Opinion ID: 436121
Heading Depth: 1
Heading Rank: 4

Heading: reach of vendor's privilege

Text: 35 Associates suggests that even if the contracts are held to be Louisiana contracts, a vendor's privilege should not be granted as to two of the contracts because Mitsubishi failed in its burden of proving which pipe under each contract had been paid for and which pipe had not. 5 As we understand Associates' argument, if there were ten lengths of pipe, all stamped x to indicate that they were sold under contract x, and the invoice for contract x had been half paid, Mitsubishi would not be entitled to a vendor's privilege on any of the pipe stamped with an x unless Mitsubishi could specifically identify which five lengths of pipe had been paid for and which had not.
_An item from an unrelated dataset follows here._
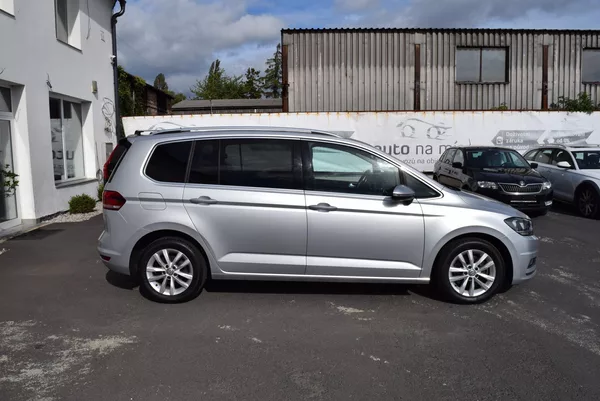 Volkswagen Touran 1.4TSI 110kw HIGHLINE 7M TAŽN - foto 6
We find that contention unrealistic, particularly when one considers that partial payment cannot with certainty be said to pay for some part of a shipment in its entirety and not at all for the rest of the shipment. Much more commonly it obviously is intended to pay partially for the shipment as a whole. 36 In De La Vergne Refrigerating Machine Company, supra, the contract at issue was for two cotton presses, one of which had apparently been paid for in full, and the other of which had not been paid for. The court wrote: 37 [I]n as much as the contract was one contract for two compresses, and their erection at a stipulated price in globo for the two, upon which price $48,000 has been paid, leaving due a balance of $32,000 the vendor's privilege is considered as extending to and operative upon both presses. 38 51 La.Ann. 1733, 26 So. 455, 459 (1899). 39 In their pretrial stipulations, Mitsubishi, Clark, and Associates agreed that there were five separate stacks of pipe in Clark's possession which had been identified by numbers on the pipes. They further agreed upon which contracts related to the various pipes, and how much of the purchase price was outstanding on each invoice. We hold that the vendor's privilege for each contract extended to all of the pipe identified as purchased under that particular contract, up to the value of the amount owed, as security for the amount due on each contract.